*** Block opens ***
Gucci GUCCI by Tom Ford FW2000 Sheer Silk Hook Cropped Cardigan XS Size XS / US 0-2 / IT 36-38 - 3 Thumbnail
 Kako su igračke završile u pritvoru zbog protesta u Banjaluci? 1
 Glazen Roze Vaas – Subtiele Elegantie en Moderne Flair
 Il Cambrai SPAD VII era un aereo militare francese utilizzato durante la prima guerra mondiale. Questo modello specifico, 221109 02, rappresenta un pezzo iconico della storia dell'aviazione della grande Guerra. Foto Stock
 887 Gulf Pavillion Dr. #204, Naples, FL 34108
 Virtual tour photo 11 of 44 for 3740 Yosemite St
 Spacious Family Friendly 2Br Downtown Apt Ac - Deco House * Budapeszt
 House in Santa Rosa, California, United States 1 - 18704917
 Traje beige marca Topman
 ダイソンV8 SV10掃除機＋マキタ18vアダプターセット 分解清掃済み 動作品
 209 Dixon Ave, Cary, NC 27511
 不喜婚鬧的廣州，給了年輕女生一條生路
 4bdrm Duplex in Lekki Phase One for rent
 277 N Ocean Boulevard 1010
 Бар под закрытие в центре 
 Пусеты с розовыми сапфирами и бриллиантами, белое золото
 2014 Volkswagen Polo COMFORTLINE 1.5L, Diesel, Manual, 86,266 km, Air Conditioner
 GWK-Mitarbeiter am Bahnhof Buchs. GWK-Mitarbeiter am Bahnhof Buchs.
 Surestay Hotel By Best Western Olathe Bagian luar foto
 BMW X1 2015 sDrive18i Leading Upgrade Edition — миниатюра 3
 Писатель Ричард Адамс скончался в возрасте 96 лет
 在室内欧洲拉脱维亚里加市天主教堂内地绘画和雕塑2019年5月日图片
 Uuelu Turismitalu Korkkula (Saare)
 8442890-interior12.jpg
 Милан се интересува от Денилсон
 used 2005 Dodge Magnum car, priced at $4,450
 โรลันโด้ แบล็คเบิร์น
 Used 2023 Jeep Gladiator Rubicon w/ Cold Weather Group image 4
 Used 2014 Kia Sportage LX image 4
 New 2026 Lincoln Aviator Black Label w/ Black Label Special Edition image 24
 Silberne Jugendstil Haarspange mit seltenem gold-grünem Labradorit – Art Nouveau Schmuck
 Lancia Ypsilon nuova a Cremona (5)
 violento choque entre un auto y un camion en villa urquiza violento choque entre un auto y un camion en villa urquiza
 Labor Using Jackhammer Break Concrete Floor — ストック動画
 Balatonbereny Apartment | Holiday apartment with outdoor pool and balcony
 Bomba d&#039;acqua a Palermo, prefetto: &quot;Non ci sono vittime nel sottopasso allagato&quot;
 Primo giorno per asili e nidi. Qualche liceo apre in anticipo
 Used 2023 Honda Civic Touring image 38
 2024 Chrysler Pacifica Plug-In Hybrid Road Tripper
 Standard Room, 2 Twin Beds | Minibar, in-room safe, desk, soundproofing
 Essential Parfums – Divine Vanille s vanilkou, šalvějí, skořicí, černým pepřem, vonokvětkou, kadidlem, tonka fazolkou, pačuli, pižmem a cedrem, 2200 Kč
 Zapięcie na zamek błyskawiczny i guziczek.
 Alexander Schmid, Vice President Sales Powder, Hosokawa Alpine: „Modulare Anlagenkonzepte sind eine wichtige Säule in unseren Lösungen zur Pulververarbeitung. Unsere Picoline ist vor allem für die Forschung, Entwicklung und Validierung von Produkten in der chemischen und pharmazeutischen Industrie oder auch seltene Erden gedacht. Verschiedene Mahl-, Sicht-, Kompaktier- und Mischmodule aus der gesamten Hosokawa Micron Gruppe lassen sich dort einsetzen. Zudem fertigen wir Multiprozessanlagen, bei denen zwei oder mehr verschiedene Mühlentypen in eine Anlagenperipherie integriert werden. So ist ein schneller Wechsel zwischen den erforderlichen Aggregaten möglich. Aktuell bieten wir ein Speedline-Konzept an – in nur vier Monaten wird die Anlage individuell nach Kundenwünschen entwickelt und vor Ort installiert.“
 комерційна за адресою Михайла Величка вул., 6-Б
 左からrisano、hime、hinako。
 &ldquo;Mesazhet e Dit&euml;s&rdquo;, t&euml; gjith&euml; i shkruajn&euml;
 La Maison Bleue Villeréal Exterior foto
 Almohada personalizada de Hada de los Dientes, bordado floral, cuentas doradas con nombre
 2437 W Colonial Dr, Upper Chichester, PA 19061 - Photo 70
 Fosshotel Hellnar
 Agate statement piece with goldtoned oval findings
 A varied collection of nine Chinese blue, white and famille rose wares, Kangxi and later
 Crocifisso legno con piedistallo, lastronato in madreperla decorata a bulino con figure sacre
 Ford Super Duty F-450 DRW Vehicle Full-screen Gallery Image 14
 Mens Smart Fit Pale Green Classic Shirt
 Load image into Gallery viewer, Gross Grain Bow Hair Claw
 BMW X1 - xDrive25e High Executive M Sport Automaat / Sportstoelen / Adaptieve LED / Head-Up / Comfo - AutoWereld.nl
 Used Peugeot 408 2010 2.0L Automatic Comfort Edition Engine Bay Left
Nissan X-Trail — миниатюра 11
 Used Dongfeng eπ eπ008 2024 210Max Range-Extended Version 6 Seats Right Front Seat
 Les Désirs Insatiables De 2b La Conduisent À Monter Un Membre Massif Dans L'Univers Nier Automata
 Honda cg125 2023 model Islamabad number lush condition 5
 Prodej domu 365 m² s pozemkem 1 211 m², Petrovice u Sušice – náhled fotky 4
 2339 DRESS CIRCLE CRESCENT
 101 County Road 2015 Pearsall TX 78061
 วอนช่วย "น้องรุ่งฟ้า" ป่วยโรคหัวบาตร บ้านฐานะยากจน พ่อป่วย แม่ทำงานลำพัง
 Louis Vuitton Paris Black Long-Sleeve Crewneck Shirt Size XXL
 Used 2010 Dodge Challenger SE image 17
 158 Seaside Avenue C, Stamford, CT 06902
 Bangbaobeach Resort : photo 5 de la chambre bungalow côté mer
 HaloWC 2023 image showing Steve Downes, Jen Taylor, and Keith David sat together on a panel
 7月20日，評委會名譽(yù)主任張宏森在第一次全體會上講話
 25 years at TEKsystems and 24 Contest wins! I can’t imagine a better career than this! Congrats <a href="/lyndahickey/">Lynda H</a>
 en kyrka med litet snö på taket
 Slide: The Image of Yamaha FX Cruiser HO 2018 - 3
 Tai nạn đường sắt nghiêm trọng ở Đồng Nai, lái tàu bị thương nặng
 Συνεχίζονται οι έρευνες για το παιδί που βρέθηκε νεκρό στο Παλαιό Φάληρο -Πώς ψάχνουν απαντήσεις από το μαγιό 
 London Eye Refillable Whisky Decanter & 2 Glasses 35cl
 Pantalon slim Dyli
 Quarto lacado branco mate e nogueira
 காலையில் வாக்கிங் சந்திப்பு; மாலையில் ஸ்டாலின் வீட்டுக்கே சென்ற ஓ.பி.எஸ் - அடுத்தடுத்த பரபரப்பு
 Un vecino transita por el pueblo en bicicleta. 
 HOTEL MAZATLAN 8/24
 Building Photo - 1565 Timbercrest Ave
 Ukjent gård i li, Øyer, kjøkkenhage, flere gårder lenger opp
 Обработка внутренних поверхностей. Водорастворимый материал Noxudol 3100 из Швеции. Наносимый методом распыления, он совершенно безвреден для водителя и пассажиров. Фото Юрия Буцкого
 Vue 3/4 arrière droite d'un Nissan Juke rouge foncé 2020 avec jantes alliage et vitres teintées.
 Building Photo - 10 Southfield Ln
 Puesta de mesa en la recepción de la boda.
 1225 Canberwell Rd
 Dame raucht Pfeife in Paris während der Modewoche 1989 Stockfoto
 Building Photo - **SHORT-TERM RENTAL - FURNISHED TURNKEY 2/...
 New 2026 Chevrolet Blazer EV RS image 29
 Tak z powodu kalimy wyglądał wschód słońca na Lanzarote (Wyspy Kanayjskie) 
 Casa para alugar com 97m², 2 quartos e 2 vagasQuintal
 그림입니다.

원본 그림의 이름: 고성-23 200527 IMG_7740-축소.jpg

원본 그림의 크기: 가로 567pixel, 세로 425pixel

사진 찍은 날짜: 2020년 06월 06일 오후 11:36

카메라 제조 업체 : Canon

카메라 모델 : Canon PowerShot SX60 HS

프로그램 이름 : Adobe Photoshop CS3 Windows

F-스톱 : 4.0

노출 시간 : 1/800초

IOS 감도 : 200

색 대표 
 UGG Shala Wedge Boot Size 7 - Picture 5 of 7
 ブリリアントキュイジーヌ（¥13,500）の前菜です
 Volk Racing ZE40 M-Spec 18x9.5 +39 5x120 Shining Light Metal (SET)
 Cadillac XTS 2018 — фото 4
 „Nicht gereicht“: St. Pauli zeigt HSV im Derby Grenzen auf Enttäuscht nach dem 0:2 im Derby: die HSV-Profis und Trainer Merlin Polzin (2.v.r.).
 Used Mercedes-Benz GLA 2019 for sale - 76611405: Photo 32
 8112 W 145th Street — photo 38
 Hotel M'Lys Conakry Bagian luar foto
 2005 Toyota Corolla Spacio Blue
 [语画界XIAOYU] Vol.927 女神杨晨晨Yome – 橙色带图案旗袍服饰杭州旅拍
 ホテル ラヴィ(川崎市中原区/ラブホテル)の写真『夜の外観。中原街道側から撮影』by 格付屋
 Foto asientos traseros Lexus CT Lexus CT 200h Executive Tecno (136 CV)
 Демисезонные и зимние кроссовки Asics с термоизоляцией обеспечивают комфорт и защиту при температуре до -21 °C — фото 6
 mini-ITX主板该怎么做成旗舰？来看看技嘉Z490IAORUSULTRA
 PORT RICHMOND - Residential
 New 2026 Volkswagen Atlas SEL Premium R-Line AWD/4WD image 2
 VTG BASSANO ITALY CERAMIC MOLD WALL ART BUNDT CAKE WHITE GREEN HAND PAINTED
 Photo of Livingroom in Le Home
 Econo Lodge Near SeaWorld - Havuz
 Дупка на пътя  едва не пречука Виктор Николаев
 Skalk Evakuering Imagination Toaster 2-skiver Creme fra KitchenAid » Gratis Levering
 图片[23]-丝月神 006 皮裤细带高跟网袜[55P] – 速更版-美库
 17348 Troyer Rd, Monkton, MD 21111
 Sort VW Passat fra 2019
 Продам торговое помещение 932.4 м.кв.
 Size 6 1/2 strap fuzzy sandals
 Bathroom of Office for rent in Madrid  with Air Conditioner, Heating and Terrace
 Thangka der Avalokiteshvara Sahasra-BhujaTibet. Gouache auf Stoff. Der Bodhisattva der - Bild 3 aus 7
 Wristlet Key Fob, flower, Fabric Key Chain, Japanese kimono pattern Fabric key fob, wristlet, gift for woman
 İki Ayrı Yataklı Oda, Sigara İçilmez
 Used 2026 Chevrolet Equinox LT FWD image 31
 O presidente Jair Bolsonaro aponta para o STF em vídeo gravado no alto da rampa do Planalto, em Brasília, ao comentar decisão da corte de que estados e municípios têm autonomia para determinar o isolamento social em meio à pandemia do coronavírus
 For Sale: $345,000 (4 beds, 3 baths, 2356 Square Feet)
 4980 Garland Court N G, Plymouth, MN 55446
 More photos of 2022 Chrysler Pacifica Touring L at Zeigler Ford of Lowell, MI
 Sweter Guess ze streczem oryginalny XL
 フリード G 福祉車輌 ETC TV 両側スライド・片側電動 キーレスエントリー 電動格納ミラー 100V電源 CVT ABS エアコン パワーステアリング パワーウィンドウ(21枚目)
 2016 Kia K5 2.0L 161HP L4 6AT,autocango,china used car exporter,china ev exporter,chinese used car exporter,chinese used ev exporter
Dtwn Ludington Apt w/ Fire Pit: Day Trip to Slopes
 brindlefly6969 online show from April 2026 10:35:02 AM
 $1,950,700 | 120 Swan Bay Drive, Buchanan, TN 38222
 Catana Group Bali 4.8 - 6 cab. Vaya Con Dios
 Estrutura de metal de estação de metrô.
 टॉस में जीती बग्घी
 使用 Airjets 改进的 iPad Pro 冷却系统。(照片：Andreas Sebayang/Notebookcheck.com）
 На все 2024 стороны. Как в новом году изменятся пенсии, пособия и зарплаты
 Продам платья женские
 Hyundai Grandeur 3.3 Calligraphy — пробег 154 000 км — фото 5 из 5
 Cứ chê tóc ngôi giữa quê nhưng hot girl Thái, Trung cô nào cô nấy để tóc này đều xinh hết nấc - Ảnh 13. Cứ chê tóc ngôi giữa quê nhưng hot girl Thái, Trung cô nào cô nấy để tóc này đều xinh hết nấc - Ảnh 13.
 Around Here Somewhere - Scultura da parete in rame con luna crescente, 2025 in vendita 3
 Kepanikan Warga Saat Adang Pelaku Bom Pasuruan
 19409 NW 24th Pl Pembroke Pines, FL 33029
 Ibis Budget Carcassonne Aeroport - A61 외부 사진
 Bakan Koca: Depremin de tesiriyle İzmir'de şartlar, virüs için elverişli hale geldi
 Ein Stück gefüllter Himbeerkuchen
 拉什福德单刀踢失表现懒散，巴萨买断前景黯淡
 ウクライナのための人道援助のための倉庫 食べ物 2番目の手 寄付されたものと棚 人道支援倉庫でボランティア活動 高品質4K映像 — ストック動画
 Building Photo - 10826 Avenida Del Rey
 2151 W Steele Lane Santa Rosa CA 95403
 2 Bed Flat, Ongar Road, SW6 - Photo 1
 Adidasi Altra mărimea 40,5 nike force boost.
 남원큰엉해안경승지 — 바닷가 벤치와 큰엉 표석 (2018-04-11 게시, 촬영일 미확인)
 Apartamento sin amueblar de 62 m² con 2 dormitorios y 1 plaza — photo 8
*** Block closes ***
■ **WORK INSTRUCTIONS**: Extract the first line above and each line after it up to and including the one with "Glazen Roze Vaas", please, exactly and with nothing else.

■ **THE ANSWER**:
Gucci GUCCI by Tom Ford FW2000 Sheer Silk Hook Cropped Cardigan XS Size XS / US 0-2 / IT 36-38 - 3 Thumbnail
 Kako su igračke završile u pritvoru zbog protesta u Banjaluci? 1
 Glazen Roze Vaas – Subtiele Elegantie en Moderne Flair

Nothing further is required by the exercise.